Uno dei santi citati dallo scrittore: Sant'Alfonso de' Liguori, protettore... di moralisti!

Uno dei santi citati dallo scrittore: Sant’Alfonso de’ Liguori, protettore… di moralisti!

Le credenze relative ai santi che vedono e provvedono, del resto, in Italia sono molto diffuse (un mio amico diceva che la preghiera ai santi è proprio la prima forma di raccomandazione!!) e certamente non meno, nei contesti raccontati da Crupi, cioè negli ambienti mafiosi: i malavitosi sembrano valorizzare il proprio potere anche attraverso simbologie religiose, quasi facendosene difensori. Utilizzando l’immagine di protettori che in sostanza avvallino il loro violento stile di vita. Non solo nei film famosi, ma anche nella realtà: tutti ricorderanno quale polverone abbia suscitato il funerale romano della famiglia Casamonica, o il rito dell’inchino della Madonna in processione di fronte alla casa di un boss.

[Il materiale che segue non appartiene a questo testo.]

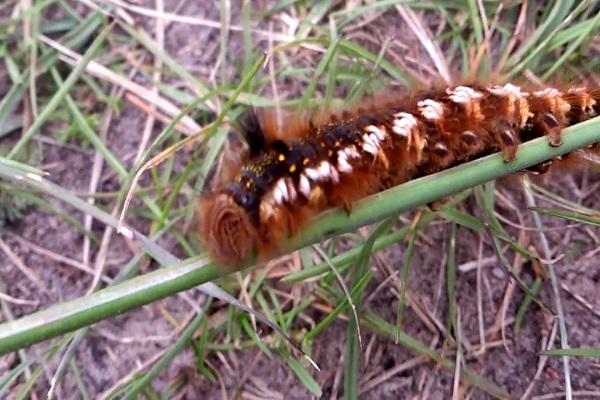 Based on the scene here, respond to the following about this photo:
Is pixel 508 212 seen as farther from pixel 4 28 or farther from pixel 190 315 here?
pixel 4 28

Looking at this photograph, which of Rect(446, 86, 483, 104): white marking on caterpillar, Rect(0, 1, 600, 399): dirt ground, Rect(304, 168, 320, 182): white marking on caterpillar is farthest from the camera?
Rect(0, 1, 600, 399): dirt ground

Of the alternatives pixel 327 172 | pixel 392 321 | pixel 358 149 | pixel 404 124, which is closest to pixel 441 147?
pixel 404 124

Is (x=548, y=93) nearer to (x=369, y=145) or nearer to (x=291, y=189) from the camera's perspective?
(x=369, y=145)

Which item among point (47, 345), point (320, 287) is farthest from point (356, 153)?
point (47, 345)

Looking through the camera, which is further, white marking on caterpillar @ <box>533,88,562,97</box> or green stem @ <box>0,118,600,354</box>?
white marking on caterpillar @ <box>533,88,562,97</box>

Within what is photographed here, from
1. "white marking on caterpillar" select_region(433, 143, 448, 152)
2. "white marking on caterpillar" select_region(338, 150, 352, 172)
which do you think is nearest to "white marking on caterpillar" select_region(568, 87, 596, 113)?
"white marking on caterpillar" select_region(433, 143, 448, 152)

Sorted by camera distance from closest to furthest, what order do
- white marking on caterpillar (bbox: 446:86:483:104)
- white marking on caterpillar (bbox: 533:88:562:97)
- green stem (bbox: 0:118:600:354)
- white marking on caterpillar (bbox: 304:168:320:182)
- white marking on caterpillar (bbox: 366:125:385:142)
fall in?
green stem (bbox: 0:118:600:354), white marking on caterpillar (bbox: 304:168:320:182), white marking on caterpillar (bbox: 366:125:385:142), white marking on caterpillar (bbox: 446:86:483:104), white marking on caterpillar (bbox: 533:88:562:97)

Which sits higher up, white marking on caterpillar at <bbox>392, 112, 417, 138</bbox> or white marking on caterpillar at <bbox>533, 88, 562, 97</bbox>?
white marking on caterpillar at <bbox>392, 112, 417, 138</bbox>

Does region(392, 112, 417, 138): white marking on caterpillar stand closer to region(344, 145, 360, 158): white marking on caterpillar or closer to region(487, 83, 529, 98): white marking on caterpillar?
region(344, 145, 360, 158): white marking on caterpillar

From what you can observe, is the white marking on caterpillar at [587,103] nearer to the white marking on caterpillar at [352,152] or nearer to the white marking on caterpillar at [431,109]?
the white marking on caterpillar at [431,109] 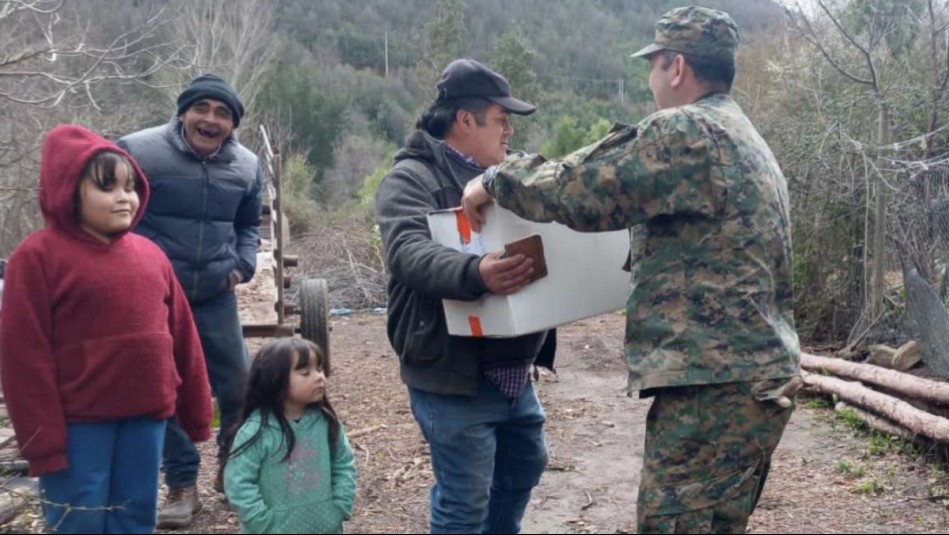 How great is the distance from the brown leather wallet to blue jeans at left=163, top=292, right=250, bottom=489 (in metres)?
2.17

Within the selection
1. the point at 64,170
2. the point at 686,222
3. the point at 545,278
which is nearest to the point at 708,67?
the point at 686,222

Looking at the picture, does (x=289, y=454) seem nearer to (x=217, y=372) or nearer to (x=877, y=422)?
(x=217, y=372)

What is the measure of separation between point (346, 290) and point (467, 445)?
11.2 metres

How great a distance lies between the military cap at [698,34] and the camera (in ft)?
9.64

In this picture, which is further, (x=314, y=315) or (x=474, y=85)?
(x=314, y=315)

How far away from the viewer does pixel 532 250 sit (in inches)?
117

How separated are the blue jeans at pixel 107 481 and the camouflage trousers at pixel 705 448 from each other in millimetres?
1658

Un’attenzione particolare poi meritano le pagine dei ringraziamenti dell’autore, in cui accenna alla sua esperienza personale di lavoro presso un ente pubblico e le infinite fonti di ispirazione in tema di lavoro impiegatizio e di arrivismo tra opere narrative e cinematografiche. Ieri sera ho avuto il piacere di partecipare alla presentazione del libro presso il Mondadori Megastore di Piazza Duomo a Milano: intervistato con intelligenza da un coinvolgente Paolo Foschini del Corriere, Crupi ci ha intrattenuto sottolineando che il romanzo rispecchia molto la sua esperienza lavorativa, dove favoritismi, regalìe e arrampicatori sociali erano il pane quotidiano.

Paolo Foschini del Corriere ieri sera ha presentato il libro di Crupi

Paolo Foschini del Corriere ieri sera ha presentato il libro di Crupi (photo Angela Delli Ponti)

La sua sensibilità di scrittore riesce comunque a mettere in luce la dolente umanità dei personaggi, pur vile e amorale. E persino quel ragionier Fantozzi, che da giovane gli pareva una figura piuttosto stupida, dopo l’esperienza dal vero in un ambiente di lavoro simile a quello rappresentato da Paolo Villaggio, è divenuto ai suoi occhi un personaggio geniale. Si sa da sempre: la realtà supera la fantasia.